Noll ise nöroteknolojinin insan beyni ile makineyi birleştiren nörosilahları oluşturmaya başladığını vurgulayarak, özellikle çatışma ve savaş durumlarında uygulanan Cenevre Konvansiyonu md. 48 (Ayırt Etme Kuralı) ve Uluslararacı Teamül Hukuku Çalışması md. 14 (Orantılılık) düzenlemelerinin yetersiz kaldığını, dolayısıyla nörosilah kullanımının Uluslararası İnsan Hakları kapsamı dışında kalacağını savunmuştur.
Nöroteknolojinin çeşitli alanları etkileyeceği düşünüldüğünde yeni hukuki düzenlemelerin sadece insan hakları boyutunda kalmayacağı, bu değişimin özel hukuk ve ceza hukuku gibi alanlarda da görüleceği belirtilmelidir.
Çözüm: Nöroteknoloji alanında hukuki düzenlemelerin yapılabilmesi için, öncelikle bu konuda uzman olan hukukçuların sayısı arttırılmalıdır. OECD gibi uluslararası kuruluşlar, nöroteknoloji alanında seminerler düzenleyerek bu alanda farkındalığı arttırmaktadır. Ayrıca The Royal Society gibi bilimsel topluluklar, hukuk ve nöroteknoloji alanlarında sadece uluslararası konferansların düzenlenmesini yetersiz bularak, üniversitelerin hukuk fakültelerinde bu konuya özgü derslerin açılmasını ve aynı zamanda mevcut hukukçuların bu konuda eğitilmesi için barolarla işbirliği gerçekleştirilmesini tavsiye etmektedir.
Nöroteknoloji, hukukun işleyişini ve geleceğini şekillendirebilir: Nöroteknoloji, sadece yeni hukuki düzenlemelere yol açmayıp, aynı zamanda diğer disiplinlerle bir araya gelerek hukukun geleceğini değiştirebilecek bir etkiye sahiptir. The Royal Society, nöroteknolojinin hukukun işleyişini ve geleceğini gerçek anlamda değiştirebilmesi için; davranışsal genetik, psikoloji, davranış bilimi ve sosyoloji gibi farklı disiplinlerle birlikte çalışılması gerektiğini belirtmiştir. Dr.

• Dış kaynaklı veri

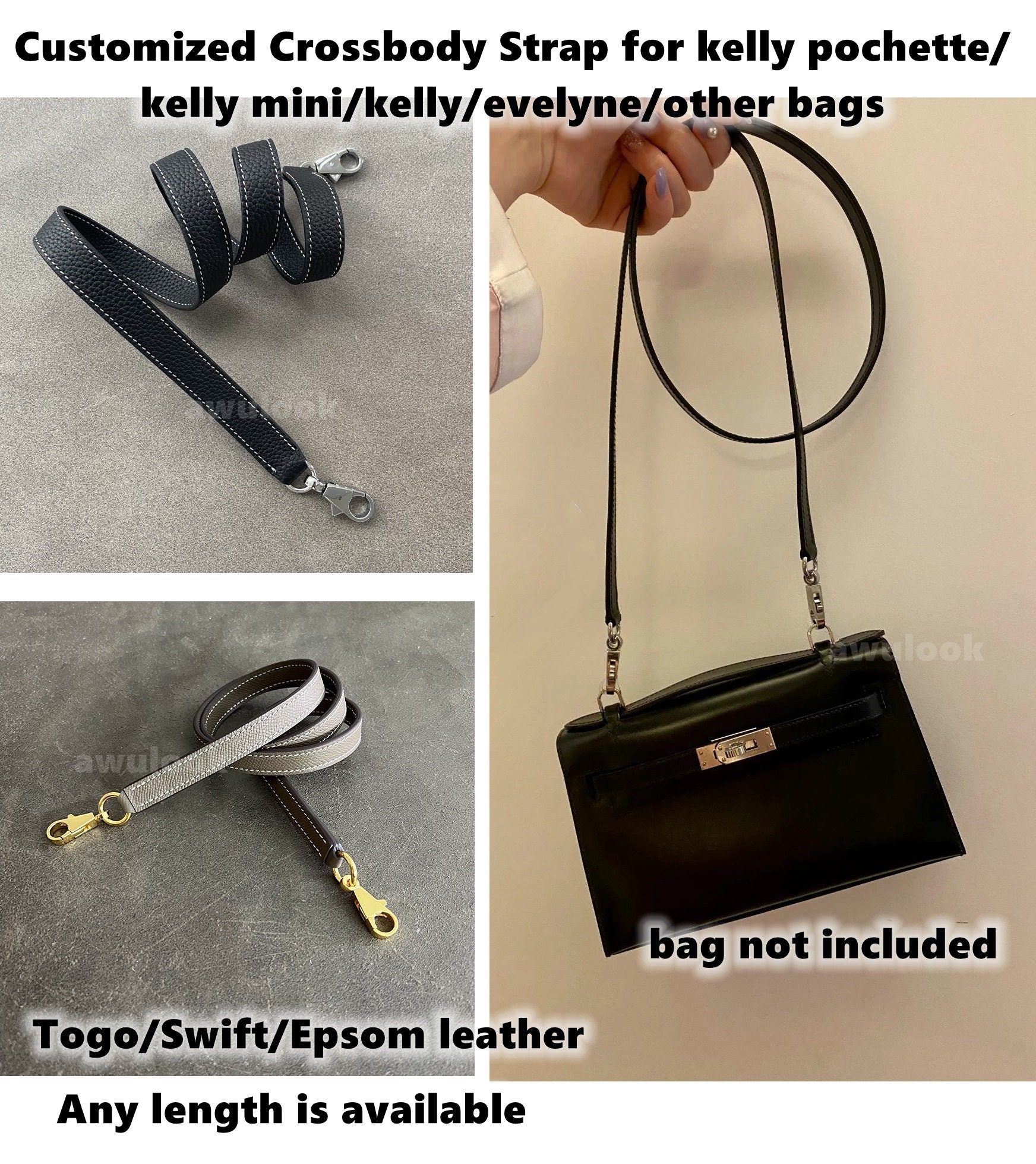 Evelyne Bag DIY Bag Making Kit | Mini Leather Crossbody Bag Gray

Stephen Rainey, nöroteknolojinin daha tam anlamda karmaşık düşünceleri okuyabilecek boyuta gelmediğini belirterek, böyle bir boyuta ulaşılsa bile, sadece beyinden alınan elektrik sinyalleri aracılığıyla zihinsel aktivitelerin açıklanmasının –zihnin beyinden çok daha geniş olması ve beyin ile sınırlı olmaması nedeniyle- problem teşkil ettiğini söylemiştir. Sadece zihin okuyarak davranışların tamamen açıklanamayacağı görüşünü destekleyen The Royal Society, İngiliz Hukuku’nda cezai sorumluluğun 10 yaşında başladığını vurgulayarak; daha 10 yaşında bir çocuğun beyinsel gelişiminin tamamlanmamış olduğunu, önem teşkil eden nöral ağların 20 yaşına kadar oluşabildiğini, dolayısıyla sadece beyin okuma yöntemiyle elde edilen verilerin bu tip durumlarda isabetsiz olabileceğini savunmuştur. Diğer yandan Claydon, zihin okuma teknolojisinin gelişerek daha isabetli sonuçlar veren bir hale geldiği zaman ilk olarak adli psikiyatri ve hukuk alanlarını etkileyeceğini belirtmiştir. Claydon’a göre nöroteknoloji sayesinde yargılamada objektiflik geliştirilerek daha kesin sonuçlara ulaşılabilir. Günümüzde poligraf (yalan makinesi) yöntemi hukuk sistemlerinde kesin delil niteliğinde değildir. Claydon, nöroteknolojinin poligraf gibi yöntemlerden daha üstün olması nedeniyle beyinden alınan verilerin kesin delil niteliğine sahip olabileceğini öne sürmüştür. The Royal Society ise, İngiltere ve A.B.D.’de yargılama aşamasında nöroteknoloji yoluyla delil elde edilebilmesine vurgu yaparak, günümüzde nöroteknoloji yoluyla elde edilen delillerin İngiliz Hukuk Komisyonu (“Law Commission [England and Wales]”) tarafından düzenlenen “Admissibility of Expert Scientific Evidence” kurallarına tabi olduğunu söylemiştir.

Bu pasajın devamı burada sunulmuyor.